▶ [Work to complete]: Everything from the line containing "High Quality Wpc" to the end of the listing, both included, should be returned exactly, apart from the pictures.

▶ [Dataset section]:
● ● ● ●

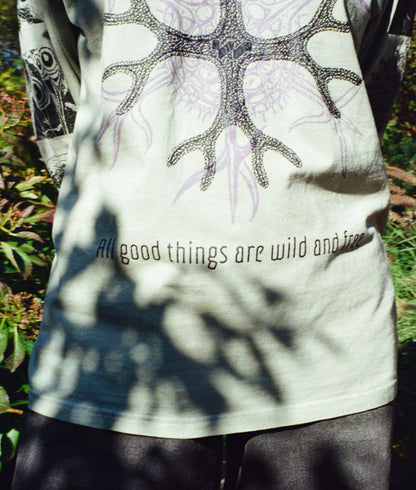 Wild And Free long sleeve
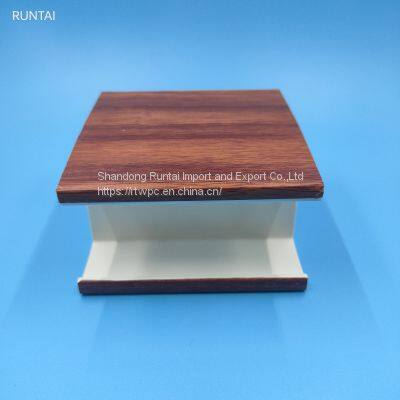 High Quality Wpc Wall Panel Wpc Wooden Wall Panel 50mm-90mm photo-4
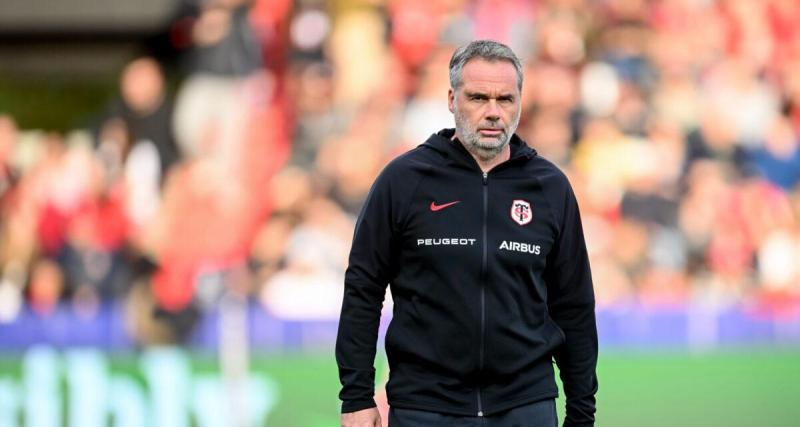  - Stade Toulousain : Mola est inquiet avant de défier Glasgow, « l’épouvantail » de la poule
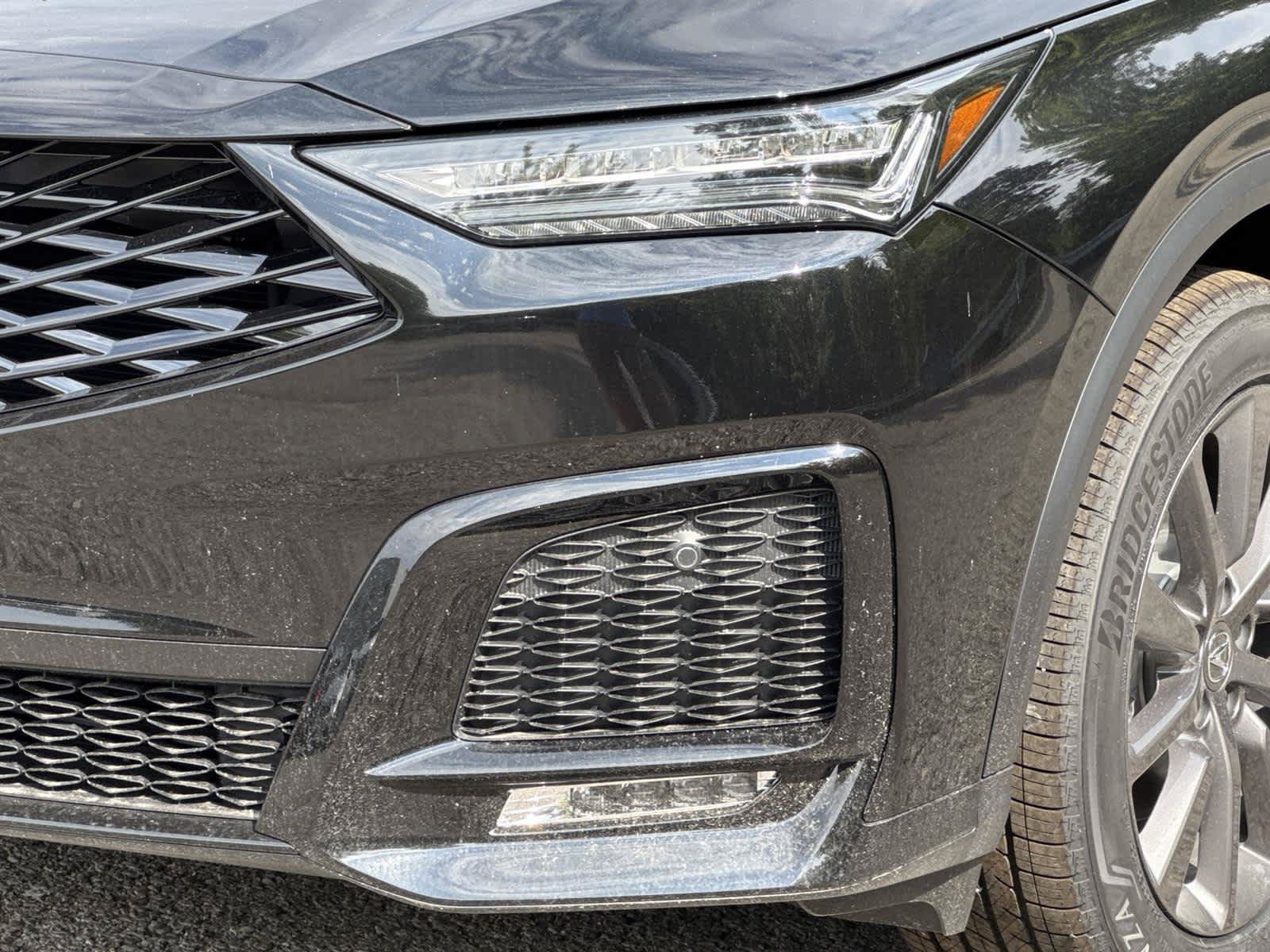 New 2026 Acura MDX A-Spec AWD/4WD image 9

● ● ● ●

▶ [Result of this exercise]:
 High Quality Wpc Wall Panel Wpc Wooden Wall Panel 50mm-90mm photo-4
  - Stade Toulousain : Mola est inquiet avant de défier Glasgow, « l’épouvantail » de la poule
 New 2026 Acura MDX A-Spec AWD/4WD image 9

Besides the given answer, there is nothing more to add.